Die Schlüssel im Klo

Zum Nachmittagstee kamen die Lustigs, die wir eingeladen hatten,

und brachten ihren sechsjährigen Sohn Schragele mit, den wir nicht eingeladen hatten. Aber Schragele war ein netter, wohlerzogener

Knabe, obwohl er uns ein wenig nervös machte, da er sich pausenlos in sämtlichen Räumen unseres Hauses herumtrieb.

Wir saßen mit seinen Eltern beim Tee und unterhielten uns über alles mögliche.

Plötzlich hörten wir, daß Schragele, nun ja, die Wasserspülung unserer Toilette in Betrieb setzte.

An sich wäre das nichts Außergewöhnliches gewesen. Warum soll ein gesundes Kind im Laufe eines Nachmittags nicht das Bedürfnis verspüren, auch einmal... man versteht, was ich meine... und warum soll es danach nicht die Wasserspülung... wie gesagt: das ist nichts Außergewöhnliches. Außergewöhnlich wurde es erst durch das Verhalten der Eltern. Sie verstummten mitten im Satz, sie verfärbten sich, sie sprangen auf, sie schienen von plötzlichen Krämpfen befallen zu sein, und als Schragele in der Türe erschien, brüllten sie beide gleichzeitig: „Schragele - was war das?"

„Der Schlüssel zum Kleiderschrank vom Onkel" lautete die ruhig erteilte Auskunft des Knaben.

Frau Lustig packte ihn an der Hand, zog ihn unter heftigen Vorwürfen in die entfernteste Zimmerecke und ließ ihn dort mit dem Gesicht zur Wand stehen.

„Wir sprechen nur ungern darüber. " Herr Lustig konnte dennoch nicht umhin, sein bekümmertes Vaterherz mit gedämpfter Stimme zu erleichtern. „Schragele ist ein ganz normales Kind - bis auf diese eine, merkwürdige Gewohnheit. Wenn er einen Schlüssel sieht, wird er von einem unwiderstehlichen Zwang befallen, ihn... Sie wissen schon... ins Klo zu werfen und hinunterzuspülen. Nur Schlüssel, nichts anderes. Immer nur Schlüssel. Alle unsere Versuche, ihm das abzugewöhnen, sind erfolglos geblieben. Wir wissen nicht mehr, was wir tun sollen. Freunde haben uns geraten, gar nichts zu unternehmen und das Kind einfach nicht zu beachten, dann würde es von selbst zur Vernunft kommen. Wir haben diesen Rat befolgt - mit dem Ergebnis, daß wir nach einiger Zeit keinen einzigen Schlüssel mehr im Haus hatten... "

„Komm einmal her, Schragele!"

Ich rief den kleinen Tunichtgut zu mir. „Nun sag doch: warum wirfst du alle Schlüssel ins Klo?" „Weiß nicht", antwortete Schragele achselzuckend. „Macht mir Freude. "

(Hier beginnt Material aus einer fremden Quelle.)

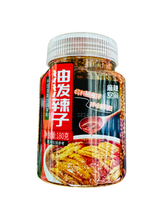 將圖片載入圖庫檢視器 中國大陸 麻辣空間 油潑辣子 拌菜鮮 拌面香 210g/瓶 180g/瓶 香辣紅油辣椒 四川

Jetzt ergriff Frau Lustig das Wort:

„Wir haben sogar einen Kinderarzt konsultiert. Er verhörte Schragele zwei Stunden lang und bekam nichts aus ihm heraus. Dann fragte er uns, ob wir den Buben nicht vielleicht als Baby mit einem Schlüssel geschlagen hätten. Natürlich ein Blödsinn. Schon deshalb, weil ja ein Schlüssel für so etwas viel zu klein ist. Das sagten wir ihm auch. Er widersprach, und wir fingen an, darüber zu streiten. Mittendrin hörten wir plötzlich die Wasserspülung: Schragele hatte uns eingesperrt, und erst als nach stundenlangem Telefonieren ein Schlosser kam, konnten wir wieder hinaus. Der Kinderarzt erlitt einen Nervenzusammenbruch und mußte einen Arzt aufsuchen. " In diesem Augenblick erklang abermals das Rauschen der Spülung. Unsere Nachforschungen ergaben, daß der Schlüssel zum Hauseingang fehlte.

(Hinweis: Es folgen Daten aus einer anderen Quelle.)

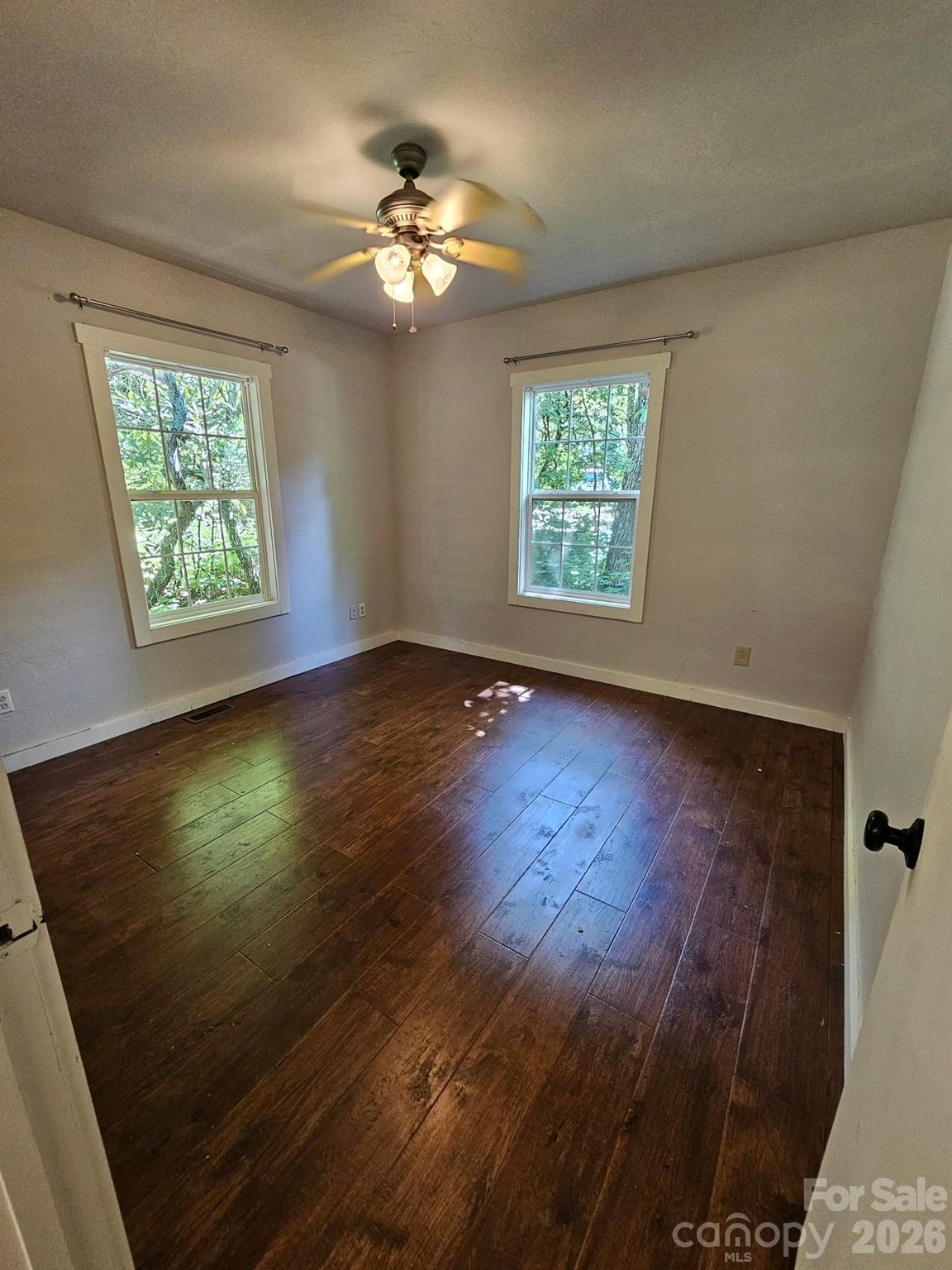 100 Squirrel Lane Property Photo 7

„Wie tief ist es bis in den Garten?" erkundigten sich die Lustigs. „Höchstens anderthalb Meter", antwortete ich. Die Lustigs verließen uns durch das Fenster und versprachen, einen Schlosser zu schicken. Nachdenklich ging ich auf mein Zimmer. Nach einer Weile stand ich plötzlich auf, versperrte die Tür von außen, nahm den Schlüssel und spülte ihn die Klosettmuschel hinab. Die Sache hat etwas für sich. Macht mir Freude.